インドの経済発展と人・労働: フィールド調査で見えてきたこと

インドの経済発展と人・労働: フィールド調査で見えてきたこと

  • 作者: 木曽順子
  • 出版社/メーカー: 日本評論社
  • 発売日: 2012/12/20
  • メディア: 単行本
内容紹介
発展著しいインド経済。それにより労働者の多様性は一層鮮明になってきた。生活まで踏み込んだフィールド調査でその実態に迫る。
【会社の図書室】
この本は、会社の図書室から借りて読んだものだが、実はそもそも会社の図書室に入れた張本人は僕である。2012年に大学院の指導教官から読むように勧められたので購入したのだが、2012年度末をもって僕はその大学院を自己都合退学した。インド駐在を2010年6月に終えて帰国して、しばらくは細々とでもインドと関わるようなことを、仕事でもプライベートでもしてきていたのだが、この大学院退学をもって完全にインドと関わる機会を失った。そんな中で、本書を読もうというモチベーションも起こらず、僕自身がキープしておくよりも他の人にも読んでもらえるようにしておいた方がいいと考え、図書室に寄贈した。

当然ながら、指導教官にも大変申し訳ないことをしたと思っている。既に退官もされて5年が経過する。先生の最後の弟子として期待をかけていただいていたのに。その後取り組んできたことを上手く組み合わせれば博士論文にまで仕上げることも可能かもしれないが、先生が退官されて以降、母校で僕の研究したいテーマで指導して下さる先生もいらっしゃらないため、どうしようか思案中である。とはいっても今自分が論文にまとめたいと思っているテーマは必ずしもインドがフィールドではないため、参考文献として本書を用いることはないと思う。

本書を購入した当時の僕の関心は、「インド北部から南部への人口移動は起こり得るのか」ということだった。

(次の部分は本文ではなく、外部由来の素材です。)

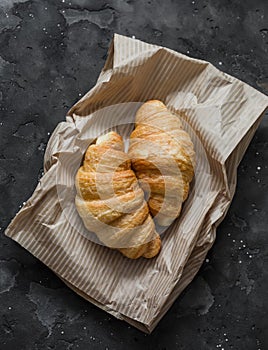 Fresh crispy croissants on a paper bag on a dark background, top view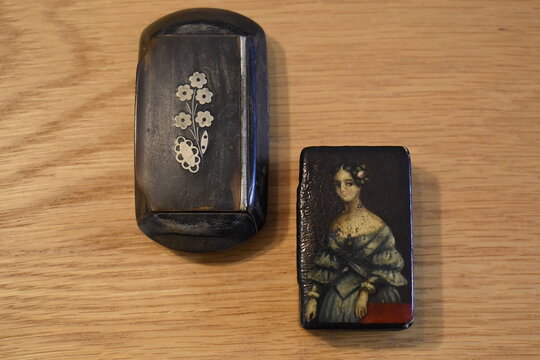 Ornate boxes produced in pocket size or larger communal for table use to keep the precious snuff dry. They hold amount of tobacco for immediate consumption and are intended to contain few days supply.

例えば、ウッタルプラデシュ州やビハール州の貧困世帯なら、おそらく出稼ぎ労働者の行き先はデリーやコルカタ、ムンバイなどなんだろうが、それがバンガロールやチェンナイ、ハイデラバードあたりまで出稼ぎに行くような人はいるのだろうかということだった。今回本書を読んでみたけれど、その著者のフィールドはグジャラート州アーメダバードらしいので、2012年の購入直後に本書を読んでいたとしても、当時の僕にとって参考になったかどうかはかなり怪しい。

では今はどうか。今の僕の関心は、「オディシャ州やテランガナ州からムンバイ、アーメダバード方面への人口移動」である。そして、実際にこれらの州から出稼ぎに行った労働者が、どういう環境で生活し、どんな仕事を得ているのかということだった。それは、僕が2017年からプロボノで関わっている某財団法人が抱えているインド事業の文脈での話である。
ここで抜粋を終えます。